EXERCISE DIRECTIONS:
An exact reproduction of all the data is needed, with no images in it.

DATA EXCERPT:

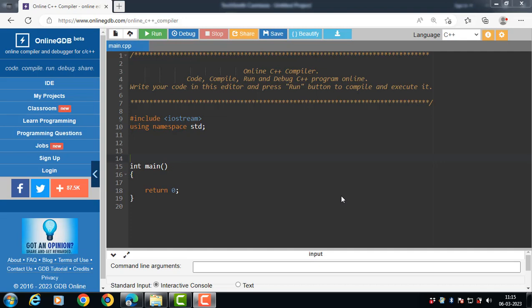Hello everyone. In this video we will learn how to define a member function outside the class. To define a member function outside the class definition, we have to use the scope resolution operator along with the class name and function name.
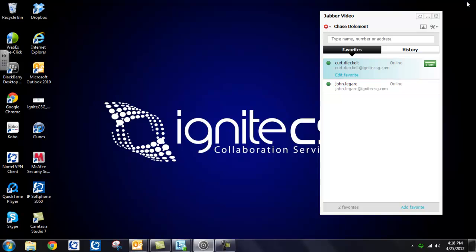So I should also note that you would have noticed a padlock icon up here when my call with Kurt connected. That's just a little icon letting you know that your call is encrypted. So it is a secure call, which, of course, gives Jabber an advantage over most desktop video clients.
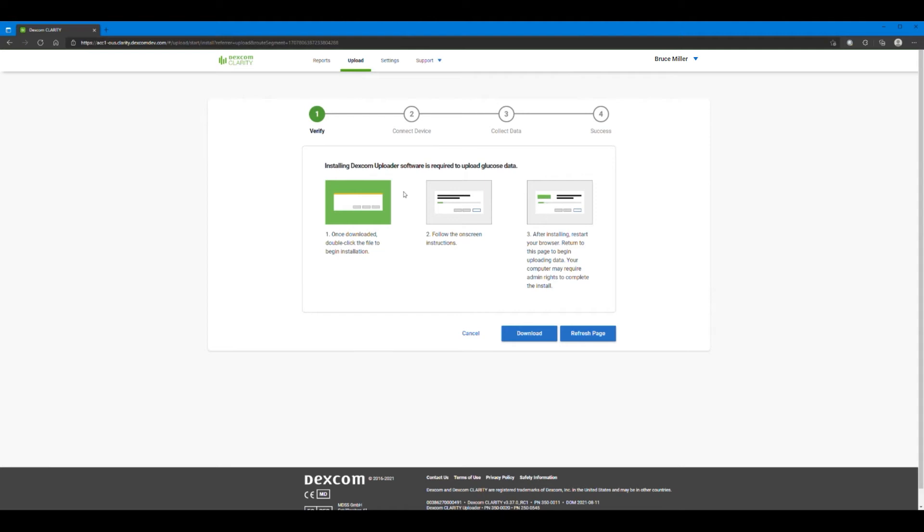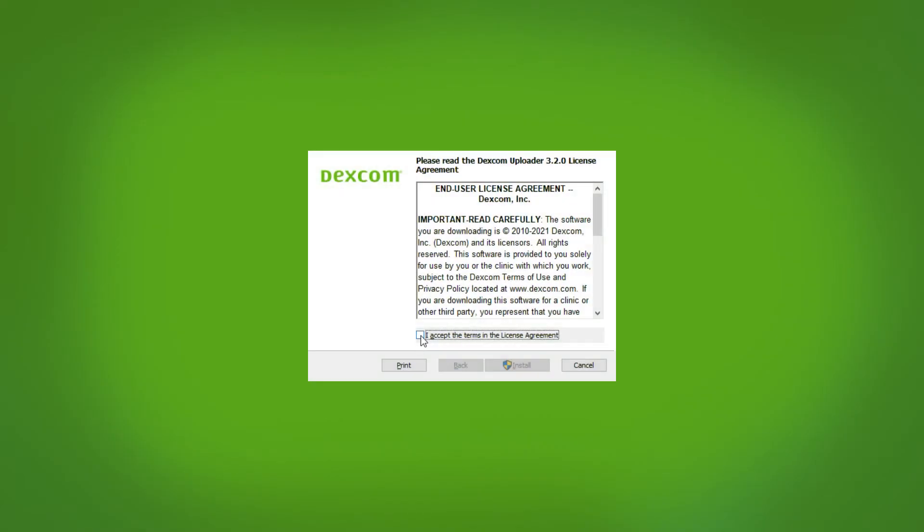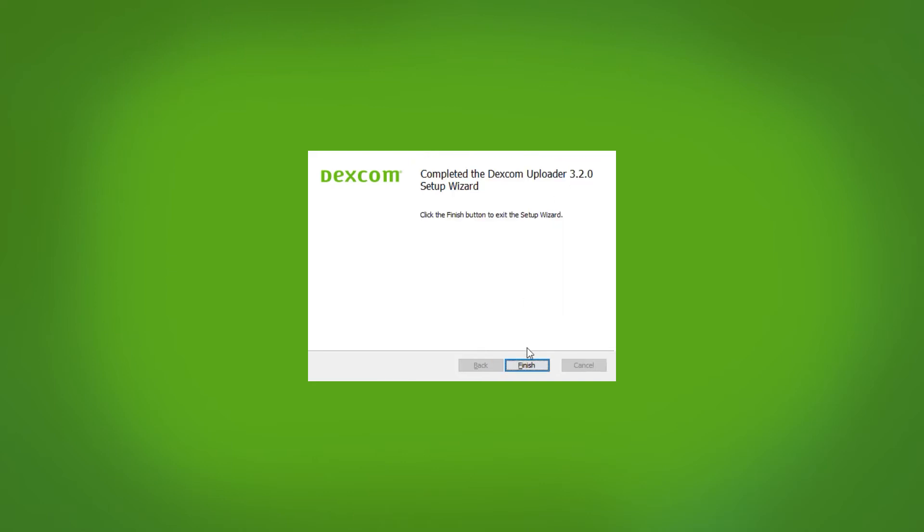For the first time, you'll need to install the Dexcom Uploader software. Click Download to begin. Open the file and follow the instructions to install the uploader onto your computer. When it asks if you want to continue and install, click through the prompts.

SOLUTION:
Hello everyone. In this video we will learn how to define a member function outside the class. To define a member function outside the class definition, we have to use the scope resolution operator along with the class name and function name.
So I should also note that you would have noticed a padlock icon up here when my call with Kurt connected. That's just a little icon letting you know that your call is encrypted. So it is a secure call, which, of course, gives Jabber an advantage over most desktop video clients.
For the first time, you'll need to install the Dexcom Uploader software. Click Download to begin. Open the file and follow the instructions to install the uploader onto your computer. When it asks if you want to continue and install, click through the prompts.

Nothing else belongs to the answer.